Work required =
Nothing other than the lines from the one containing "Evolution of man (Chopper)" through the last line of the data below should be output, each reproduced exactly.

[Caption-style text data]
[Start of section]

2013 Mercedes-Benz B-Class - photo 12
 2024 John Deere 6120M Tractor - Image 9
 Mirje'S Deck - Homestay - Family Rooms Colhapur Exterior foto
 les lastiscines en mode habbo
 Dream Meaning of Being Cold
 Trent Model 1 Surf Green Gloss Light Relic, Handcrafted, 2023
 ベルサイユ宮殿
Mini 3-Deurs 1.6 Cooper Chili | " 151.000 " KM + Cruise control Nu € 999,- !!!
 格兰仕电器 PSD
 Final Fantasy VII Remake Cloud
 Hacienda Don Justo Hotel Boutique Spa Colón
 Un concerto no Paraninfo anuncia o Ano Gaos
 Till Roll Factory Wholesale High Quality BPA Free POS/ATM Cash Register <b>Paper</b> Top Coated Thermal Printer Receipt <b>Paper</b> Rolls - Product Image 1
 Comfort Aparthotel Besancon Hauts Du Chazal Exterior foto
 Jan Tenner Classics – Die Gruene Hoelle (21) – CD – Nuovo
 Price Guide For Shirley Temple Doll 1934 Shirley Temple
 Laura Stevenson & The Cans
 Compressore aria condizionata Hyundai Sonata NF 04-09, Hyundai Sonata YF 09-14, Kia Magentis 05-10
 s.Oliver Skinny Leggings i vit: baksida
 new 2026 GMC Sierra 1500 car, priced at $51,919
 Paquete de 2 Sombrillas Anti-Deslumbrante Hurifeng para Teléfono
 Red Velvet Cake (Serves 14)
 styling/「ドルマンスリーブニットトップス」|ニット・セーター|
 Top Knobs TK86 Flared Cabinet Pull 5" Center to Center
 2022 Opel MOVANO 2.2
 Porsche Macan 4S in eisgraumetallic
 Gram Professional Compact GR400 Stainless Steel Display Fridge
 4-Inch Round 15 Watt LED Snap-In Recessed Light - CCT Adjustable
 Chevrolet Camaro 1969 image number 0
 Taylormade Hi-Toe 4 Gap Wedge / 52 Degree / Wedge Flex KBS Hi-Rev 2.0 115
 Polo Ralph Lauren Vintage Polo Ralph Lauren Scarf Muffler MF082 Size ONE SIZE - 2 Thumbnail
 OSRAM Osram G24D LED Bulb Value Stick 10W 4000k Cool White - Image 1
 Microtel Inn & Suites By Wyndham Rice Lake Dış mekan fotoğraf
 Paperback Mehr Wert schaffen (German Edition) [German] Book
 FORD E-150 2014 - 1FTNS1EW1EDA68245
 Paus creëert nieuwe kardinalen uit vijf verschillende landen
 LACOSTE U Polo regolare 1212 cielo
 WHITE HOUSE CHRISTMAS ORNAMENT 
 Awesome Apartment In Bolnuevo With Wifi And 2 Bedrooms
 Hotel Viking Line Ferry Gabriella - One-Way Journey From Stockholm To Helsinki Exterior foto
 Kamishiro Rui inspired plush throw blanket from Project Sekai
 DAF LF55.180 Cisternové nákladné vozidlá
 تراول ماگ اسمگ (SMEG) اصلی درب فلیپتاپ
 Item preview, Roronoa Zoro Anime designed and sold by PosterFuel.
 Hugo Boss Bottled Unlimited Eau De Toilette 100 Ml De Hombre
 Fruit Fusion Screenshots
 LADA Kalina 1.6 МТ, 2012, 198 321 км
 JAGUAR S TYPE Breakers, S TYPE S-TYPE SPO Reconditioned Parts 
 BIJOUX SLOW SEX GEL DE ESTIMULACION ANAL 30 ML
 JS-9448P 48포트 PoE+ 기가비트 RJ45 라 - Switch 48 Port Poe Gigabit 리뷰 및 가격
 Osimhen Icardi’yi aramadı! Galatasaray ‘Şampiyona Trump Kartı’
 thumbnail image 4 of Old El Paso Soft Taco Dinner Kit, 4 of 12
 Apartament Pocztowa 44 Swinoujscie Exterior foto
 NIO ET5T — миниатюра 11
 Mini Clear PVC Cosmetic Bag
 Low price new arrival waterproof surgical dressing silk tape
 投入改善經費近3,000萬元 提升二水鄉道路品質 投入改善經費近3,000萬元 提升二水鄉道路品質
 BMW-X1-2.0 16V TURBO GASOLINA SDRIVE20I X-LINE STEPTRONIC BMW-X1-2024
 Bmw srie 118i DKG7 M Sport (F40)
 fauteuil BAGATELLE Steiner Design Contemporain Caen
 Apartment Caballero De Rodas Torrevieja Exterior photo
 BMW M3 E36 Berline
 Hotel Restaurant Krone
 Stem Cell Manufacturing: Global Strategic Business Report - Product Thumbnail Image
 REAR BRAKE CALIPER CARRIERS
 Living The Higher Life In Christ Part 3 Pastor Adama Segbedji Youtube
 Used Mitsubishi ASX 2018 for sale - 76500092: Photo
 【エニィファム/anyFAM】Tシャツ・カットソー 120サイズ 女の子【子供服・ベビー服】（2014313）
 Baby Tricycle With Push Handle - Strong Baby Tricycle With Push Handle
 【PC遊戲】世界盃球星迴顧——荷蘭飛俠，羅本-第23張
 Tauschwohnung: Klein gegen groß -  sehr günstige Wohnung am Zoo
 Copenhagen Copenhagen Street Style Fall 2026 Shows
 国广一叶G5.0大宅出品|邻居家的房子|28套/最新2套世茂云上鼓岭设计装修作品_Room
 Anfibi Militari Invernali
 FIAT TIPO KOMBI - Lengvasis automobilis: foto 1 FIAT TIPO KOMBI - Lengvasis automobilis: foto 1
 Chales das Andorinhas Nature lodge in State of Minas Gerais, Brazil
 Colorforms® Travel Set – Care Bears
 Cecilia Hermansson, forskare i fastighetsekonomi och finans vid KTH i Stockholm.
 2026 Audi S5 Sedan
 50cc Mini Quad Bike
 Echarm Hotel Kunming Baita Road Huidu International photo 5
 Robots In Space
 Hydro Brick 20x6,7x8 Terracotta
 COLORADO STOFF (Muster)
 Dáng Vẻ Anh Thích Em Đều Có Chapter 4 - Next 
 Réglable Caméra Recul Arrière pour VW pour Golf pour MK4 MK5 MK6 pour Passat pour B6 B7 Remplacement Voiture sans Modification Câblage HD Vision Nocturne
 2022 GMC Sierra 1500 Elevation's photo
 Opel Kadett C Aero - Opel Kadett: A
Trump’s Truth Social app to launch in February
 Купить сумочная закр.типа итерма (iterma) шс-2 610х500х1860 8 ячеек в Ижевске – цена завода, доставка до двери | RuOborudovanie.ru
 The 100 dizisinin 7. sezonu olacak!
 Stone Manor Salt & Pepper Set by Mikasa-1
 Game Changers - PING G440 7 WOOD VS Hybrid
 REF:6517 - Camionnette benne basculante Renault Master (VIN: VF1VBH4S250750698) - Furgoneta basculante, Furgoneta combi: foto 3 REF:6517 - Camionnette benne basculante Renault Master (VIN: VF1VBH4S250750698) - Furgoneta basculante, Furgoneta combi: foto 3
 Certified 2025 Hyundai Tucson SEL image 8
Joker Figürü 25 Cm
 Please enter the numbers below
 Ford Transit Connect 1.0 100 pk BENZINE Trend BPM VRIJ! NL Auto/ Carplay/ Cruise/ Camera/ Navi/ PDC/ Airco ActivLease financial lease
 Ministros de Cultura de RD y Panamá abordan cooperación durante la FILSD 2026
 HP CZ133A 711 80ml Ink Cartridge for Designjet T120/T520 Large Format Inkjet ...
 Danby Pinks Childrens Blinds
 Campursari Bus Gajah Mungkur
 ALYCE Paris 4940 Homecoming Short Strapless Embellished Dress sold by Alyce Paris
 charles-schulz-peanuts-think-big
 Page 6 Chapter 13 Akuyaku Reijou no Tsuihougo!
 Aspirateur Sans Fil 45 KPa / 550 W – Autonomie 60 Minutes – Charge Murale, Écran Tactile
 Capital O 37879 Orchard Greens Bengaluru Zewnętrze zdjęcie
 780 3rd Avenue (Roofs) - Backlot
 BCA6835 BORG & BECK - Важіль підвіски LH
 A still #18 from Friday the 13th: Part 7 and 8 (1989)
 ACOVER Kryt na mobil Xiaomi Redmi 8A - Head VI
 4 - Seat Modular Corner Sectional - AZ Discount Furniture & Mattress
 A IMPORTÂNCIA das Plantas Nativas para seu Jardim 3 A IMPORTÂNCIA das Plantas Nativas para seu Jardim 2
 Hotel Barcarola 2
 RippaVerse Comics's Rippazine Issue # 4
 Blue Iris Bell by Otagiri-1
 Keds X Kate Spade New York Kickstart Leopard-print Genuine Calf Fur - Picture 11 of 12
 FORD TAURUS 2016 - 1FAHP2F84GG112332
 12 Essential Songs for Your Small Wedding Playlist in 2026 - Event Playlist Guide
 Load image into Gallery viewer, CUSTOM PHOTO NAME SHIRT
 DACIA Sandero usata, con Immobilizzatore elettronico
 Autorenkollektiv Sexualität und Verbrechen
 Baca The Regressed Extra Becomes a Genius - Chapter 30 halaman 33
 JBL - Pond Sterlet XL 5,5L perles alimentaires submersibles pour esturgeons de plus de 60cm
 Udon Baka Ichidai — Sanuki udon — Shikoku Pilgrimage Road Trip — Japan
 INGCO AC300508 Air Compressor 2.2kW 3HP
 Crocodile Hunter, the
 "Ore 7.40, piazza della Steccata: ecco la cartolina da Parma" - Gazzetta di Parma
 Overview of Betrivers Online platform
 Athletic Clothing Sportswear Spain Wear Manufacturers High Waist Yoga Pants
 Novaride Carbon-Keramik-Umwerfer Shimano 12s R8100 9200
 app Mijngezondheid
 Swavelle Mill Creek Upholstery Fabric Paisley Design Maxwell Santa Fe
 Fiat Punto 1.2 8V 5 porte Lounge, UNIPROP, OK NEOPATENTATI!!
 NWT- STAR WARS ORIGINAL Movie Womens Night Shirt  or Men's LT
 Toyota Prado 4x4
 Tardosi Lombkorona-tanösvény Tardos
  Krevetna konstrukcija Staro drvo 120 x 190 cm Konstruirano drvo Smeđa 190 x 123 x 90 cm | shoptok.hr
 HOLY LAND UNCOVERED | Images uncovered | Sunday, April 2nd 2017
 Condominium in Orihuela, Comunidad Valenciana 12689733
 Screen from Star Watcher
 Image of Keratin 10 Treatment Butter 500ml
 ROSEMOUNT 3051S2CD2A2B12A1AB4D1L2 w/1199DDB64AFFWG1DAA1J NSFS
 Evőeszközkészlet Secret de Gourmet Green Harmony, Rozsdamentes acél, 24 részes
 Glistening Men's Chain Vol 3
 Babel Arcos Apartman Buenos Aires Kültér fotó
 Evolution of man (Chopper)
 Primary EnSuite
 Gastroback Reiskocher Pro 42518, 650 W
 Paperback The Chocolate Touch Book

[End of section]

Solution to the problem =
 Evolution of man (Chopper)
 Primary EnSuite
 Gastroback Reiskocher Pro 42518, 650 W
 Paperback The Chocolate Touch Book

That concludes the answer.